En el encuentro se analizó la respuesta que entregó el gobierno a la carta que se le entregó a Lagos el 28 de agosto en el marco de la Marcha Nacional, donde se le entregó una plataforma de demandas para atacar el problema de la cesantía: "Discutimos lo que vamos a implementar a futuro para exigir al gobierno la solución a los problemas que hoy día existen en términos de cesantía. Una respuesta formal como la que el gobierno nos ha enviado, no nos satisface en absoluto. Quedamos muy molestos con la respuesta que se nos ha dado. Allí no hay ninguna solución concreta a nuestras demandas".
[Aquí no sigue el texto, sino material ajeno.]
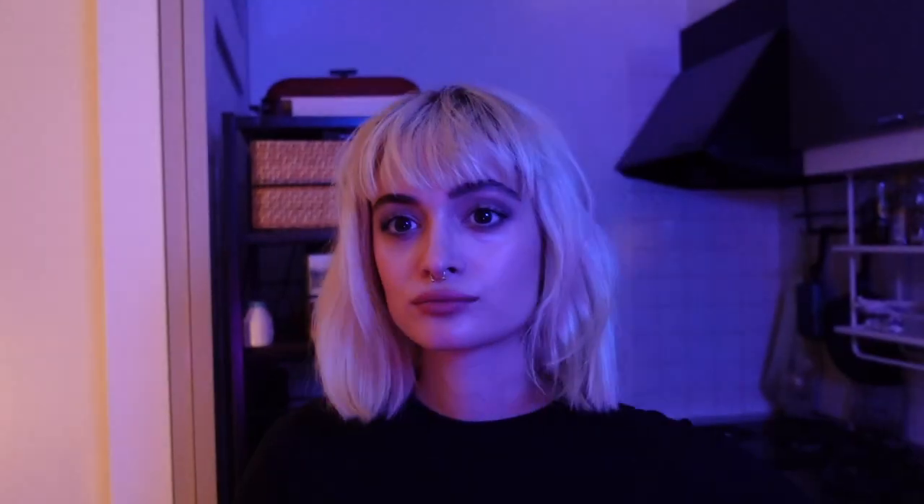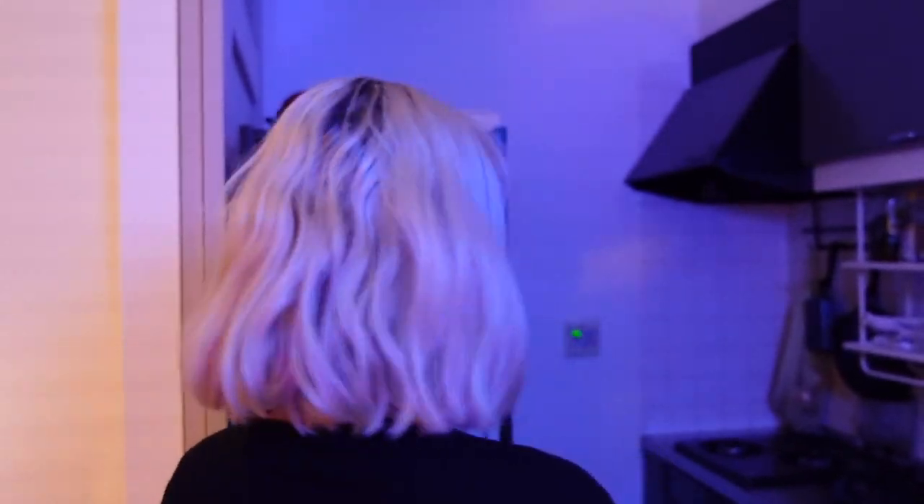I'm not doing my roots today just because I want to have the dark roots vibe, but this is my hair. Let's go get it done.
La discusión se centró en tres temas fundamentales para el movimiento de cesantes y trabajadores eventuales: "La organización, la plataforma de demandas y las movilizaciones futuras". Carrasco destaca que los asistentes al encuentro y los organizadores "quedaron muy conformes, primero porque se realizó en Lota, una ciudad histórica de la VIII Región y de la minería del carbón.
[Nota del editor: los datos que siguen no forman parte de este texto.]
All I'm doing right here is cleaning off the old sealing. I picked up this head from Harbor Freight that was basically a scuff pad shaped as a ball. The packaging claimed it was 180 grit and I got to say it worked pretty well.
El desempleo en Lota se eleva a 19,8%, según el último informe del INE. Eso es demasiado, muchas ciudades en la VIII Región y en todo el país tienen una alta cesantía, pero Lota es emblemático en la cesantía. Por eso es muy importante que este Primer Encuentro se haya realizado allí".
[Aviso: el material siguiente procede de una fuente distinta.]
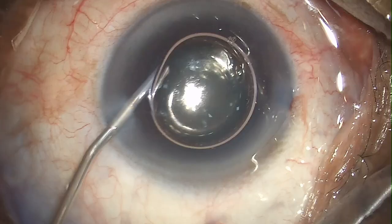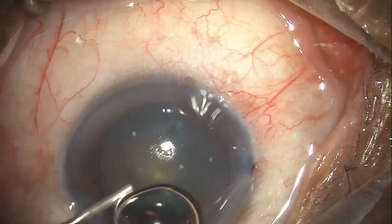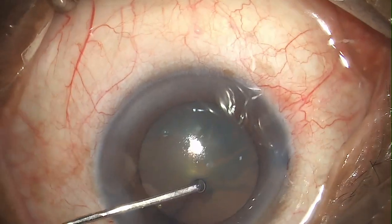Here I'm using Trypan blue to stain the anterior capsule. With a viscoelastic device I'm removing the air bubble, but I'm not able to completely remove the air bubble here, so I have to use another instrument to get it out — I'm using a hydro cannula here.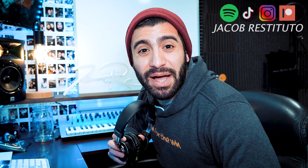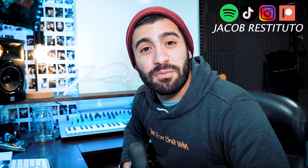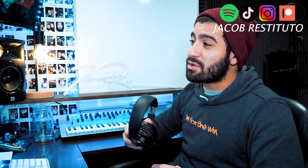What's going on everybody? Welcome back to my channel. My name is Jacob Restituto. I'm a musician from Northport, New York, and welcome back to another Hamilton Reaction Breakdown.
Lota es una ciudad emblemática, incluso en las cifras de pobreza y cesantía. Más de 50.000 habitantes se encuentran cesantes. Los planes de reconversión no han dado resultado y ex mineros deambulan esperando alguna solución a su dramática situación. Los planes de empleo municipal no sobrepasan los 300 cupos. La cesantía se empina sobre el 19% por más de ocho meses. De acuerdo a la última Encuesta Casen, Lota mantiene un 41,9% de su población en la pobreza o la indigencia. No olvidemos que estas son las cifras oficiales. El drama es mucho mayor. Ese fue el marco el encuentro, donde hubo una importante presencia de delegados y trabajadores de la VIII y IX regiones. Participó José Ortiz, secretario general de la CUT y el economista José Cademártori, que hizo una brillante exposición sobre el problema económico, la cesantía y los caminos de solución. "Nos deja contentos el lugar, la asistencia y por sobre todo estamos conformes con el debate que se produjo. Fue un debate muy de fondo, y a nuestro juicio muy político, eso debemos resaltarlo. Estamos hablando de dirigentes sindicales y trabajadores que tienen la película muy clara con respecto al tema, el asunto es cómo a través de esta organización a nivel nacional nos vamos enfrentando al modelo económico, que es la causa de fondo de nuestros problemas y el drama de la cesantía. También se ratificó el documento entregado a Ricardo Lagos el 28 de agosto con nuestras demandas. Esa va a ser nuestra plataforma de lucha, y vamos a insistir porque, hasta ahora, no tenemos soluciones.

Recibimos una respuesta escrita, pero no una solución a los problemas".

Gustavo Carrasco informó que en los próximos días se realizará esta misma iniciativa en el Zonal Norte: "donde también creemos que va a haber un muy buen debate. Se están viendo la posibilidad de realizarlo en La Serena o Calama. Nosotros entramos de lleno al problema real, tuvimos la importante presencia de cesantes y trabajadores eventuales que hoy están en los programas de empleo de mano de obra gubernamentales, pero también compañeros cesantes que hoy no tienen ninguna posibilidad de trabajo, los que viven en la más acérrima miseria. Ellos estuvieron debatiendo en el Encuentro, y eso nos permite tener un cuadro mucho más objetivo de lo que está sucediendo realmente con la cesantía, y no sólo centrarnos en el tema de mantener los cupos de los programas de empleo. Avanzamos mucho más, en la idea, por ejemplo, de conformar una Federación Nacional de Trabajadores Eventuales y Transitorios, y exigir al gobierno ya no respuestas, sino soluciones".